Could be! It wont be over till someone pins Frank! :D

Ok, measurements.

A while ago I was taking some measurements in my room during the room tuning phases. These graphs were taken at the time using 2ch full bandwidth pink noise at 1/12 octave resolution. I was trying to test general frequency response in my room as I added treatments and changed channel levels. The graphs were carefully taken for this purpose, they illustrate a pretty accurate comparison between the two setups mentioned. The only changes I made between setups were changing the preout level to achieve a 75db level at the mlp. All else remained the same, including microphone position. I simply added rca cables between the units and swapped the speaker connections over, then reset the channel levels to a measured 75db for the seperate amplifier. I had to add about 1.5db to the R\L channel levels to reach the same reference level.

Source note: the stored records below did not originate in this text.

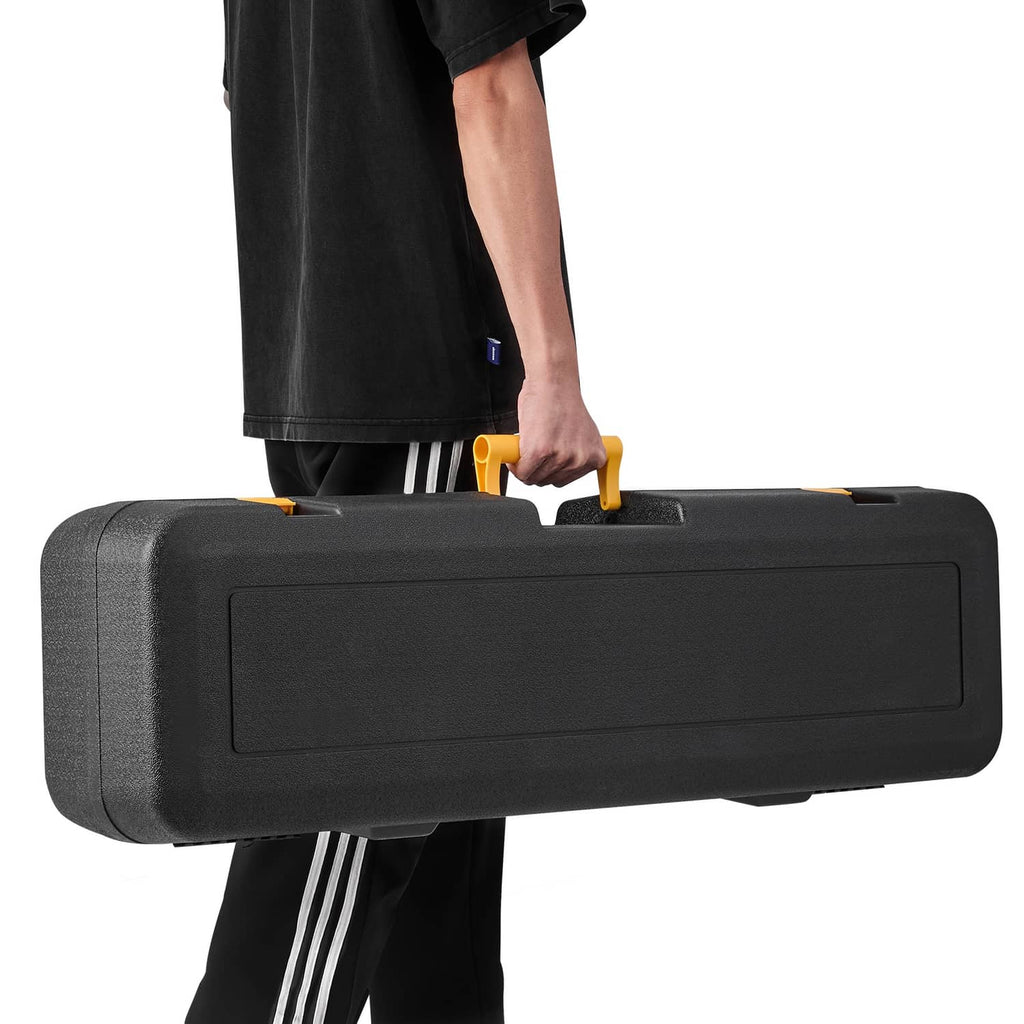 Black laser level case with carry handle, handheld unit shown during setup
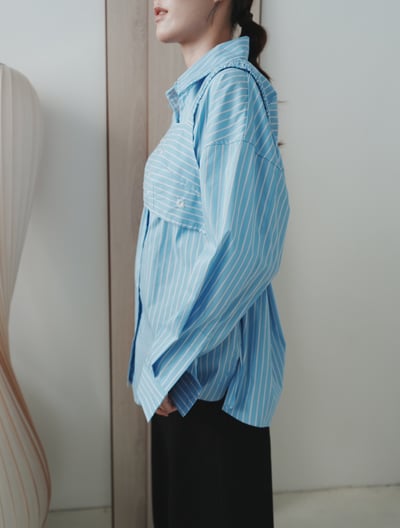 V13 直紋亮片花朵襯衣(SET)7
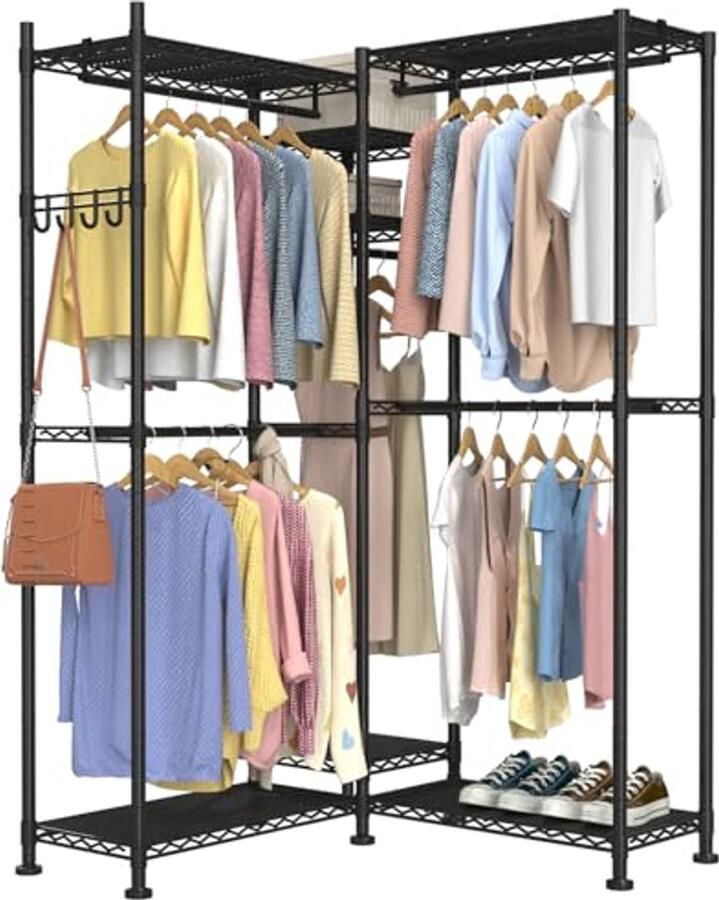 L-Vormig Heavy Duty Kledingrek voor Hoek Vrijstaand Metalen Kledingrek met 5 Hangstangen en 7 Planken Verstelbare Kledingkast 177 x 34 cm B x 195 cm H Zwart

Before anyone mentions, I know the db scale is too large. I was jumping between many tests and forgot to lock the ranges and it reset. :p These graphs are old.

The tests were taken at the mlp in my theater with subs crossed over to the mains at 60hz. The sub level settings were not changed between amps. A 2ch pink noise test signal was used. It is from the stereophile test disc and was played with an Oppo 103. I do not use EQ in my system. There was no EQ applied to these tests.

Here was the AVR at the time. R/L with subs. Pink noise 1/12 octave measurement.



Here was the seperate amplifier at the time. R/L with subs. Pink noise 1/12 octave measurement.



This is what I am talking about. The graphs are virtually identical until we get to about 100hz. It supports what I perceived the difference to be. The subs required a new setting to bring the low frequencies back into balance. It sounded worse before the sub level was tweaked back a bit.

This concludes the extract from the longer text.